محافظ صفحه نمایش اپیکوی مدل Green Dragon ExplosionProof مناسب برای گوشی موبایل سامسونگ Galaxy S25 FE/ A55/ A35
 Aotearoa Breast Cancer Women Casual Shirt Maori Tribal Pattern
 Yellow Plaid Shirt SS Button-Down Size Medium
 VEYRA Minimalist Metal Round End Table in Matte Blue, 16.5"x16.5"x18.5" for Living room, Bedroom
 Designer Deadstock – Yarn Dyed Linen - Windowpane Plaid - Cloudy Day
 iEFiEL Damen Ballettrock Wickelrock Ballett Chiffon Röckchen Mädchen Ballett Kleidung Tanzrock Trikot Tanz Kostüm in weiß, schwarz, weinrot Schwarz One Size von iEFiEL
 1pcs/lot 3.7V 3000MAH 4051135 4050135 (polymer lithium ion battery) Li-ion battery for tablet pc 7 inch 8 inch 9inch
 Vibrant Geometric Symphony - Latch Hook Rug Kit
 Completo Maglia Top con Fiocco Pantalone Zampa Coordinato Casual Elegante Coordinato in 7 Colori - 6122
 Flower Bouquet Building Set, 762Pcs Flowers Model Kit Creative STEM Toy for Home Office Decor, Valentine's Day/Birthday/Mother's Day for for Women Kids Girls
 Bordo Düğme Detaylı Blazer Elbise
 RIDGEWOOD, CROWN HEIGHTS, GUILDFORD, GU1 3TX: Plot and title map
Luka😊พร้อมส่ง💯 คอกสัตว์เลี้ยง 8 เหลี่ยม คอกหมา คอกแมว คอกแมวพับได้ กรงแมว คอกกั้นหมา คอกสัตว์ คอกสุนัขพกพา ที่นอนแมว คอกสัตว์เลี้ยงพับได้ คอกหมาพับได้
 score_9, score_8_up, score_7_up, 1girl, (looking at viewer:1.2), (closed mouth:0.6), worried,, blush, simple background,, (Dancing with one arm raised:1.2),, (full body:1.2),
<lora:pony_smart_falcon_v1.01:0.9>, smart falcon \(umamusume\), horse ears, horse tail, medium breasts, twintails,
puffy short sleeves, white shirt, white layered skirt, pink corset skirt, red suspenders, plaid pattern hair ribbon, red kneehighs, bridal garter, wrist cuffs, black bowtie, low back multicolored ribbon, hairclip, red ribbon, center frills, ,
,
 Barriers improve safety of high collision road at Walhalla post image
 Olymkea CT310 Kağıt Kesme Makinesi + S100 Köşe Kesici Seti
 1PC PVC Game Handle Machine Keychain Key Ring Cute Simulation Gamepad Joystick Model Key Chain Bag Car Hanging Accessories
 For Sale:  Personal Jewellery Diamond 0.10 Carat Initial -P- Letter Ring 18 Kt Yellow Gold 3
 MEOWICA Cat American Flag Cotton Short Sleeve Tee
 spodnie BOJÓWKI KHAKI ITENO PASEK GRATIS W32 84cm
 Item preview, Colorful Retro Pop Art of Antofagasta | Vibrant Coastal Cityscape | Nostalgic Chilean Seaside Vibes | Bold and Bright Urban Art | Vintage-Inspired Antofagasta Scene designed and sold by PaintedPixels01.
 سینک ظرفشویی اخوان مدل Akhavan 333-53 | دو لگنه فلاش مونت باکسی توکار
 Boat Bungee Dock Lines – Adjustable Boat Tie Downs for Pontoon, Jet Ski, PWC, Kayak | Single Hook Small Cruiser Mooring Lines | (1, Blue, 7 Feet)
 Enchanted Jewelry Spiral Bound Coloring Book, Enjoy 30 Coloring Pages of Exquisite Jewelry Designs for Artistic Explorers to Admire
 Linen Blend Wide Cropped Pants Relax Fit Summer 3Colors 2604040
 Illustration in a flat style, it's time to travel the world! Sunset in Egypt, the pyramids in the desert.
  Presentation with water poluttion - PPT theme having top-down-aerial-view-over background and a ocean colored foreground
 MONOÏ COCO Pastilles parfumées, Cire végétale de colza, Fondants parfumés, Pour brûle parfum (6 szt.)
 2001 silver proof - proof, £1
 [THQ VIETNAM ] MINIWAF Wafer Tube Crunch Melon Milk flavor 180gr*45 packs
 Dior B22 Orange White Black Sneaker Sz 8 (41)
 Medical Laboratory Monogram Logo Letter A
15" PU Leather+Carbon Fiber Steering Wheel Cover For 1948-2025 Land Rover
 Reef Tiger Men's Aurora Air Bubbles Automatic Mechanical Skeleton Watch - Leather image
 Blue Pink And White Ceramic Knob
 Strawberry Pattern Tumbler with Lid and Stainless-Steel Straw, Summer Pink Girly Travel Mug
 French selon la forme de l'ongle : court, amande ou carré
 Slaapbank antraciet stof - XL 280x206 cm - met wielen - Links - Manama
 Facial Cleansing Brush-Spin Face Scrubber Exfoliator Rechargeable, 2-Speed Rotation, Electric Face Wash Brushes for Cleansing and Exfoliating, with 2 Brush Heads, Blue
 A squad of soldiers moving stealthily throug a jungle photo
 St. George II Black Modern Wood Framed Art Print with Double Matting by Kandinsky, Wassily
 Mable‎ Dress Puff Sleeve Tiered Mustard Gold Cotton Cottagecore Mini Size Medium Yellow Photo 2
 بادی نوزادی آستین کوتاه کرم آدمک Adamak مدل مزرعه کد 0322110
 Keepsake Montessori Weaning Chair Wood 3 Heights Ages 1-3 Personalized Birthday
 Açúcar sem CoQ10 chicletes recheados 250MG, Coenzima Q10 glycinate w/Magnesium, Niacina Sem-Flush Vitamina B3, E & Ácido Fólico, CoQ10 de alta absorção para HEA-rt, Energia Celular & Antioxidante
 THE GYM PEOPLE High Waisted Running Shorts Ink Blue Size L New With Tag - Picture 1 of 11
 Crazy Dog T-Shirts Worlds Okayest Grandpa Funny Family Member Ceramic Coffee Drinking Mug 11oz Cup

#### [Problem details]
In the listing above, locate the line containing "Item preview, Colorful" and the line containing "A squad of soldiers". Transcribe those two lines and everything between them, exactly as written.

#### [Problem solution]
 Item preview, Colorful Retro Pop Art of Antofagasta | Vibrant Coastal Cityscape | Nostalgic Chilean Seaside Vibes | Bold and Bright Urban Art | Vintage-Inspired Antofagasta Scene designed and sold by PaintedPixels01.
 سینک ظرفشویی اخوان مدل Akhavan 333-53 | دو لگنه فلاش مونت باکسی توکار
 Boat Bungee Dock Lines – Adjustable Boat Tie Downs for Pontoon, Jet Ski, PWC, Kayak | Single Hook Small Cruiser Mooring Lines | (1, Blue, 7 Feet)
 Enchanted Jewelry Spiral Bound Coloring Book, Enjoy 30 Coloring Pages of Exquisite Jewelry Designs for Artistic Explorers to Admire
 Linen Blend Wide Cropped Pants Relax Fit Summer 3Colors 2604040
 Illustration in a flat style, it's time to travel the world! Sunset in Egypt, the pyramids in the desert.
  Presentation with water poluttion - PPT theme having top-down-aerial-view-over background and a ocean colored foreground
 MONOÏ COCO Pastilles parfumées, Cire végétale de colza, Fondants parfumés, Pour brûle parfum (6 szt.)
 2001 silver proof - proof, £1
 [THQ VIETNAM ] MINIWAF Wafer Tube Crunch Melon Milk flavor 180gr*45 packs
 Dior B22 Orange White Black Sneaker Sz 8 (41)
 Medical Laboratory Monogram Logo Letter A
15" PU Leather+Carbon Fiber Steering Wheel Cover For 1948-2025 Land Rover
 Reef Tiger Men's Aurora Air Bubbles Automatic Mechanical Skeleton Watch - Leather image
 Blue Pink And White Ceramic Knob
 Strawberry Pattern Tumbler with Lid and Stainless-Steel Straw, Summer Pink Girly Travel Mug
 French selon la forme de l'ongle : court, amande ou carré
 Slaapbank antraciet stof - XL 280x206 cm - met wielen - Links - Manama
 Facial Cleansing Brush-Spin Face Scrubber Exfoliator Rechargeable, 2-Speed Rotation, Electric Face Wash Brushes for Cleansing and Exfoliating, with 2 Brush Heads, Blue
 A squad of soldiers moving stealthily throug a jungle photo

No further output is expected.